Hazel sudah siap dengan semuanya, waktunya ia buang dengan susah payah untuk menutupi bekas perbuatan Abim semalam di lehernya dengan bedak. Hanya satu sentuhan lagi membuat itu sempurna dan tak terlihat. "Tuan meninggalkan banyak sekali tanda di tubuhku semalam," gumam Hazel dalam hati seraya menoleh melihat Abim yang masih tidur dengan dada telanjang.

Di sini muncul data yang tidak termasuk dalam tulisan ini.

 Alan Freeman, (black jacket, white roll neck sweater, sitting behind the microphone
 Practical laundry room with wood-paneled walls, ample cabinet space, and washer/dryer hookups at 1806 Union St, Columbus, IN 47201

Hazel membuka kotak biru muda di tangannya, mengambil penjepit rambut berbentuk bulir-bulir salju kemudian memasangkannya ke rambut sebelah kanannya. Ia tidak terlalu paham alasan Abim yang selalu menyuruhnya memakai penjepit rambut. Sudah berbagai macam penjepit rambut yang Abim hadiahkan kepadanya, dari yang biasa-biasa saja sampai yang termahal karena terbuat dari berlian asli. Mungkin Abim menyukai wanita yang berambut pendek dan memakai penjepit rambut.
"Apa hari ini hari selasa?" tanya Abim yang baru saja membuka setengah matanya, melihat Hazel yang berada tak jauh darinya.
"Iya, sarapan sudah saya siapkan. Setelah Anda cuci muka, mari makan bersama," ucap Hazel.
"Aku akan mengantarmu," tukas Abim seraya bangkit dari tidurnya dan pergi ke kamar mandi. "Setelah itu kita langsung ke salon untuk memotong rambutmu."
Sudah lama sekali dari terakhir kali Abim mengantar Hazel ke tempat Neneknya. Pria itu selalu membiarkan Hazel sendirian, dan langsung pergi bekerja tanpa bertanya atau apa pun.
Dari pertama kali mereka menikah, Abim langsung membelikan Hazel mobil pribadi untuk mempermudah wanita itu pergi ke mana-mana dan tidak bergantung kepada siapa pun. Dengan cepat Hazel belajar, dan memiliki kartu Sim. Namun, wanita itu jarang ke luar dari apartemen dan memilih untuk berdiam diri di sana, sebenarnya alasan ia melakukan itu adalah untuk menghindari cibiran tetangga apartemennya yang selalu menghinanya sebagai wanita simpanan Tuan Muda. Hal itu membuatnya enggan untuk meladeni orang-orang kelas atas itu, hanya membuang waktu dan tenaga saja. Ia juga takut akan mengatakan jika ia adalah istri sirih Abim nantinya, dan membuat kacau semuanya. Hanya pada hari Selasa dan ketika Abim mengajak saja ia akan pergi dan berdandan.
Setelah makan selesai, mereka berdua ke luar dari apartemen menuju basement. Mobil Abim terparkir di tempat khusus, bukan hanya karena mobil Abim adalah mobil mewah Ferrari keluaran baru dengan plat nomor seri cantik, Abim juga berinvestasi besar di gedung apartemen itu.
"Bisakah kita berhenti di toko buah di depan sana?" tanya Hazel setelah mereka ke luar dari basement.
"Bisa."
"Nenek saya sangat suka anggur, setiap ke sana saya selalu membawakan anggur dan Nenek langsung memberi saya pelukan," ujar Hazel dengan senyum manis yang membuat mata wanita itu sedikit menyipit. Memberikan kesan menggemaskan bagi orang yang melihatnya.
"Baguslah," ucap Abim masih fokus menyetir. "Itu saja?"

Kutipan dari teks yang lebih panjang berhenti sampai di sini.